_Aim of the exercise_.
Within the listing below, give again exactly the lines between the one containing "709 4th Avenue" and the one containing "blue medium sleeve tshirt", inclusive, pictures left aside.

_Data records_.
────────────────────────────────────────

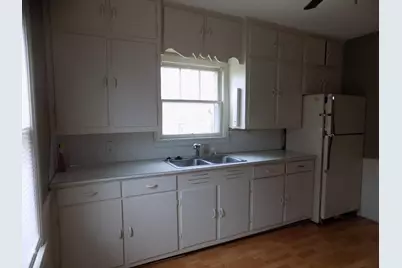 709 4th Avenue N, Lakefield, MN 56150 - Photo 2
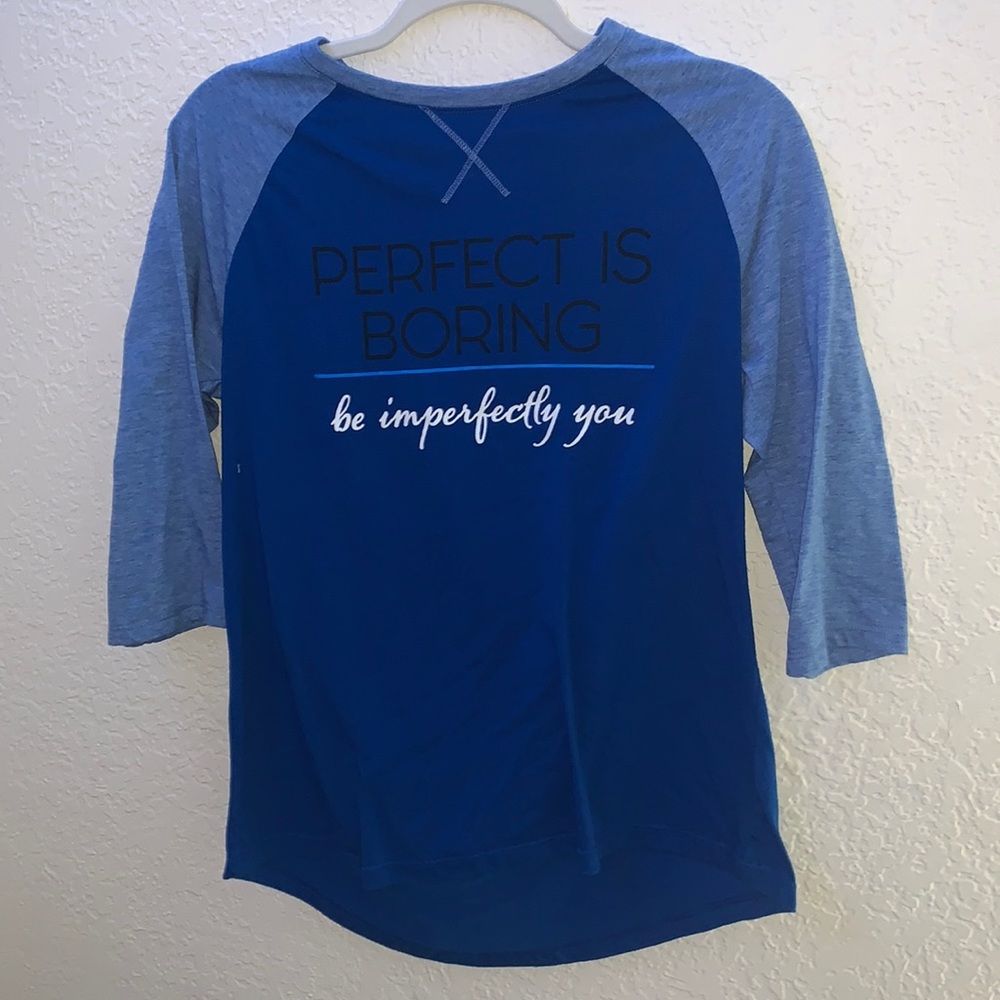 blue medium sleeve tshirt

────────────────────────────────────────

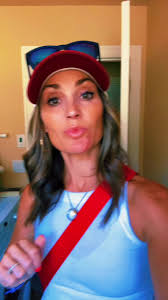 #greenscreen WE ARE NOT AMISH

────────────────────────────────────────

_Answer to this exercise_.
 709 4th Avenue N, Lakefield, MN 56150 - Photo 2
 blue medium sleeve tshirt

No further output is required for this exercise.